Not realising so leads to suffering (Dukkha).– Stonepeace
In the Diamond Sutra, the Buddha Talks about four notions that affect all our views and perceptions. These four notions need to be thrown away. The first notion we need to throw away is the notion of self. There is the idea that i am this body, this body is me or, this body is mine and it belongs to me. We say these things based on the notion that “I am.” But a better statement would be, “I inter-am.” It’s closer to the truth in the light of interconnectedness; we see there is no separate self that can exist by itself. You cannot exist without your parents, your ancestors, food, water, air, earth, and everything else in the cosmos. By looking deeply into the nature of reality, we can throw away the notion “I am.”
The second notion the Diamond Sutra advises us to throw away is the notion of person or human being. When we look into the human being, we see animal ancestors, we see plant and mineral ancestors. A human is made of non-human elements. If we take away the non-human elements, the human being would no longer be there. This is the oldest teaching on deep ecology. In order to protect the human being, you have to protect what is not human. Discriminating between human and nature is a wrong view. The third notion is that of living beings. We distinguish living beings from non-living beings. We distinguish humans and animals from plants and minerals. But looking deeply into living beings, we see elements that we call non-living beings: plants and minerals. You can see that plants and minerals are also alive. After meditation we see there’s no real frontier separating living beings and so-called non-living beings.

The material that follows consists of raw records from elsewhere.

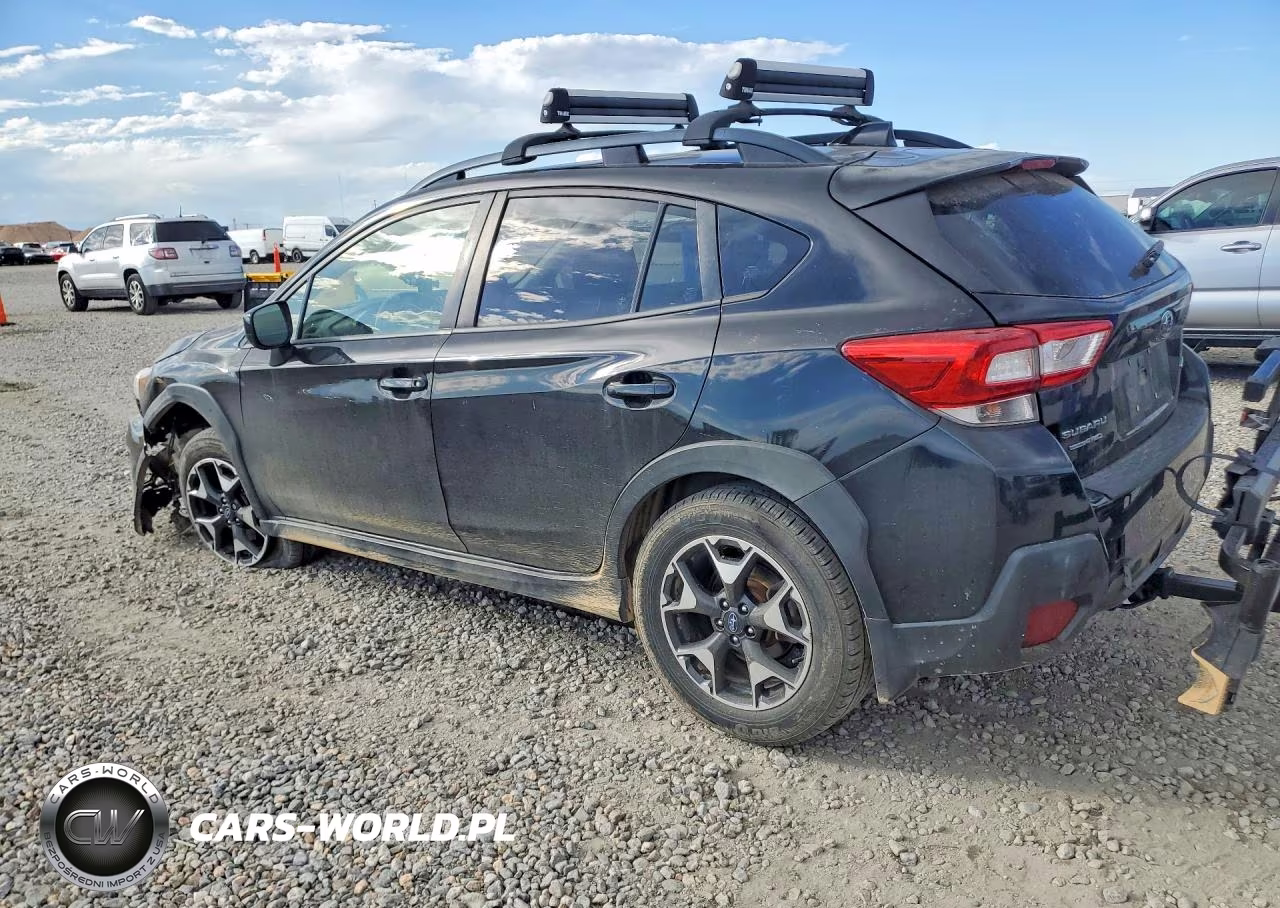 2019 Subaru Crosstrek Premium VIN:JF2GTAEC4KH220522 - 2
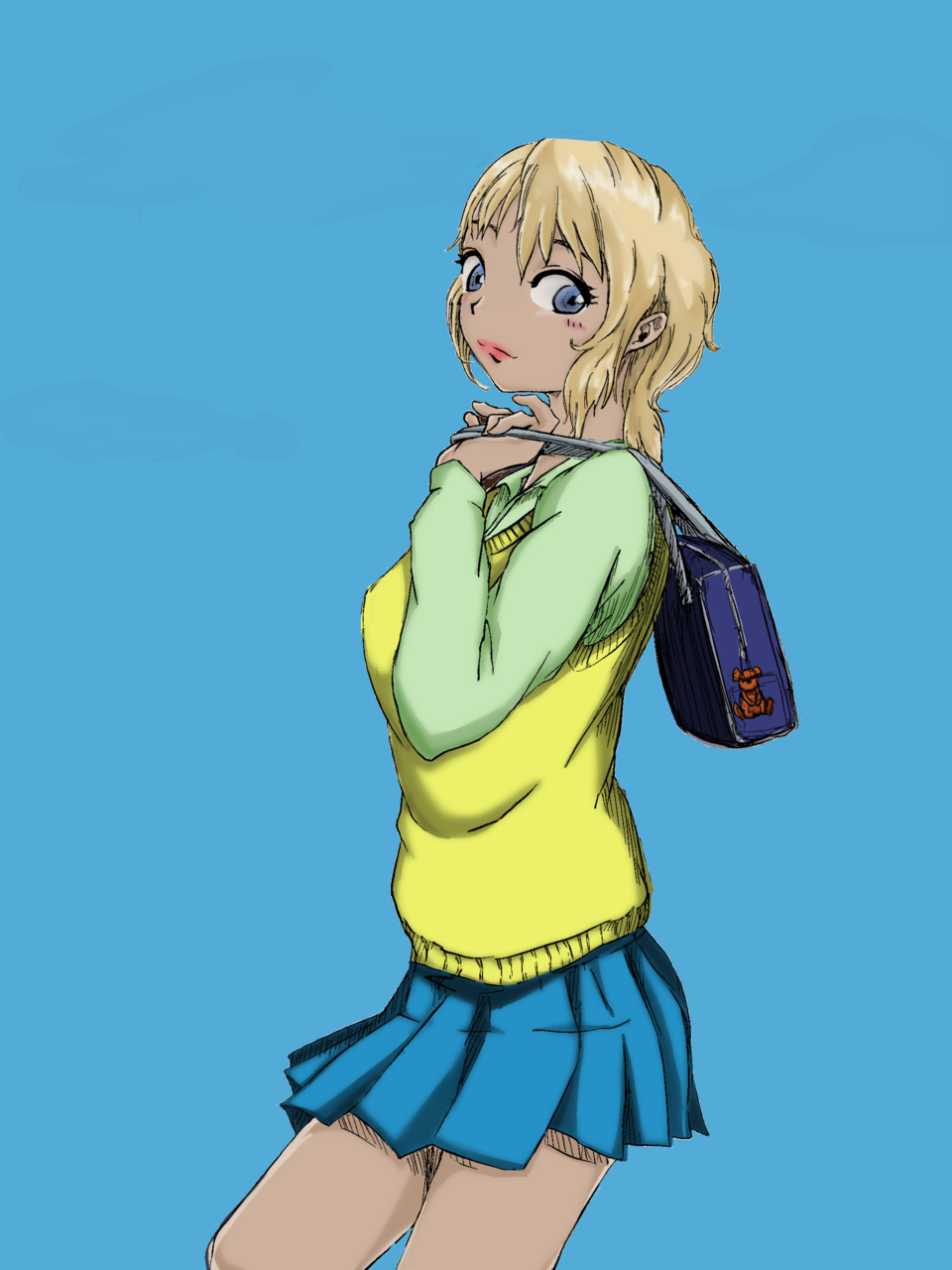 あー えーすけ 插图 ART street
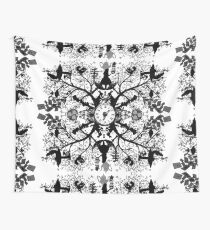 Tela decorativa Think Wonderland Ink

The fourth notion to be thrown away is the notion of life span. We believe that we’re born at one point in time, that we shall die at another point in time, and that in between is our life span. Most of us believe we’ll spend sevety, eightly, nnety, one hundred years on this planet and then we’ll be gone. But when we look deeply, we see this is a wrong perception. In our mind, to be born means that from nothing we become something, to die means that from something we become nothing; and from someone we become no one. But a cloud can’t be born; it has come from the water in the rivers and oceans, and dust and the heat of the sun have helped create it. A cloud can never die; it can only become rain or snow. A piece of paper can’t be born; it’s made of trees, the sun, the cloud, the logger, and the worker in the paper factory. When we burn a piece of paper, the paper is transformed into heat, ash, and smoke; it cannot be reduced to nothingness. Birth and death are notions that cannot be applied to reality. These four notions are at the foundation of our fear, discrimination, and suffering. When we are able to see them as wrong views, ignorance and suffering will no longer touch us. We’ll no longer suffer because of our wrong views.